The joyful theology of Christmas
What does Matthew teach us about Christmas?
07 DECEMBER 2019 · 11:00 CET
Today we aim to extract eight important lessons from Matthew 1:18-20 so as to rejoice in the mercy of the Most High this Christmas season.
The text reads thus:
“Now the birth of Jesus Christ was on this wise: “When as his mother Mary was espoused to Joseph, before they came together, she was found with child of the Holy Ghost.
Then Joseph her husband, being a just man, and not willing to make her a public example, was minded to put her away privately.
“But while he thought on these things, behold, the angel of the Lord appeared unto him in a dream, saying: Joseph, son of David, fear not to take unto yourself Mary your wife: for that which is conceived in her is of the Holy Ghost”.
Praise God for the incarnation!
Now here are the eight observations:
Matthew’s goal in writing his Gospel is to convince his fellow Jews that Jesus of Nazareth is the Christ, the prophesied Messiah.
This explains why he pens the first seventeen verses showing that Jesus is both the “son of Abraham” and the “son of David”.
In verse 18, the action commences. By means of the virginal conception, Matthew highlights how Jesus is the fulfilment of a messianic prophesy registered in Isaiah 7:14, “Behold, a virgin shall be with child, and shall bring forth a son, and they shall call his name Emmanuel”.
As well as pointing out that Jesus is the messiah, the text also reveals that Jesus is “more than” the Christ. According to the promise of Isaiah 7:14 Jesus would be Emmanuel, that is: “God with us”.
Jesus Christ is God. He is the second person of the blessed Trinity. Matthew 1:21 also indicates that Christ is divine as he was given the name Jesus so as to save his people from their sins.
But who can save except God? Who can forgive sins but the Almighty? What Matthew wants to make clear from the outset is that Jesus is much more important than the messiah. He is God incarnate! Wow!
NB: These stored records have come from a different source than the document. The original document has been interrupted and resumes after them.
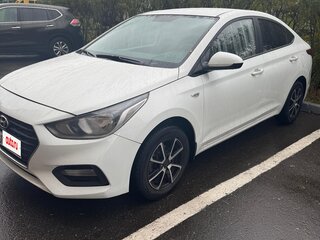 2020 Hyundai Solaris II, белый, 1000000 рублей, вид 1
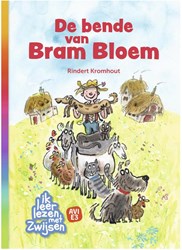 NL - Zwijsen livre pour enfants apprendre à lire La bande de Bram Bloem AVI E3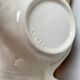 Large vintage barbotine aperitif serving dish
Since Jesus was born of Mary, we can defend the doctrine of the humanity of Christ. The Jesus of Scripture is not some kind of ghost-like figure as in Docetism.
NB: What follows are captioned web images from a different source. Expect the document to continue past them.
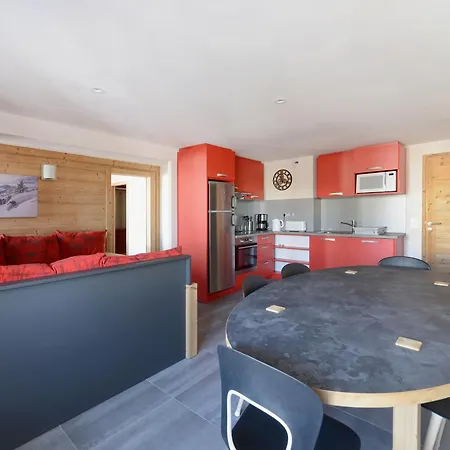 Lumineux 4p/8 Pers Avec Espace Bien-etre, Proche Pistes, Renove, Parking Gratuit - Fr-1-181-1928 Apartamento *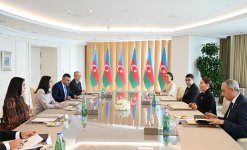 Первый вице-президент Азербайджана Мехрибан Алиева встретилась с принцессой Марокко Лаллой Хасной (ФОТО/ВИДЕО)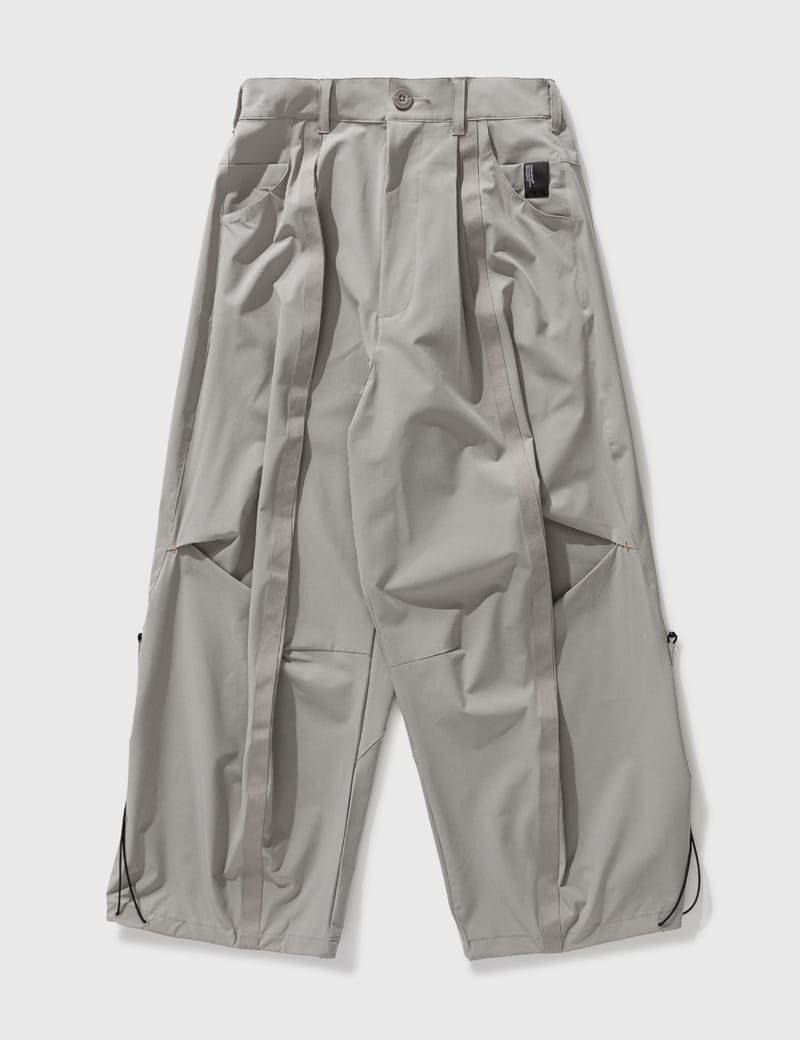 GOOPiMADE - GOOPiMADE® P-3S “Hyperbola” Utility Track Pants | HBX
If Christ had not assumed a human nature, he could not have redeemed Adam’s fallen descendents.
Another important detail is that the work of the Spirit of God in conceiving baby Jesus helps us appreciate the impeccability of Christ. Jesus was born of Joseph’s seed.
Therefore he did not inherit a sinful nature. If Christ were a sinner, he could not be our Redeemer.
Now, whilst it is true that Joseph did not beget Jesus, could Christ not have inherited the sinful nature of his mother, Mary?
It is here where the Vatican appeals to the fictitious doctrine of the ‘Immaculate Conception’, accepted as Roman dogma in 1854, which professes that Mary herself was born without original sin.
The New Testament, however, begs to differ. Not only does it teach that Mary was a sinner but it does not answer the question regarding the relationship between Jesus’ impeccability and the sinfulness of his mother.
A sober answer would be to state that God, in some sovereign manner, protected his beloved Son from being polluted by Mary’s sin.
Some interpret the conception of Christ as a so-called “second creation”, that is, Jesus is born as the Second Adam. Just as Adam was not born of man, neither was Christ.
God, in the beginning, created Adam from the virgin land of Eden. Here, in the incarnation, the virgin ground is Mary. And where the first woman was taken from a man; now the Second Man is taken from a woman.
In the passage we also learn how the Holy Spirit is able to produce life in the virgin’s womb. In this sense, Matthew is faithful to the doctrine of the Spirit taught in Job and Psalms because there the creating power of the Spirit is stressed.
By emphasizing Jesus’ birth of the Spirit, the apostle proves that the Holy Spirit is God as only God can create life where none exists.
There is an additional proof in the text that draws our attention to the deity of the Spirit, namely, the designation “Holy Spirit” (vv. 18, 20). Who is holy but God?
The expression “Holy Spirit” was not invented by Matthew but came from Israel’s Old Testament (Psalm 51:11 and Isaiah 63:10).
One final observation is how the Spirit works via physical realities such as human bodies. If the Spirit wrought the incarnation, then he is in contact with the world of flesh and blood.
The Spirit cannot be relegated to the sphere of the human mind or spirit.
Regarding Christ, we can note how he is: the messiah, God, man, impeccable and the Second Adam.
With respect to the Spirit: he creates therefore he is God, he is holy therefore he is God and he does not only work in the “spiritual” realm but also within the physical sphere.
Once more: praise be to God Almighty for the miracle of Christmas!
Merry Christmas to all you followers of Evangelical Focus!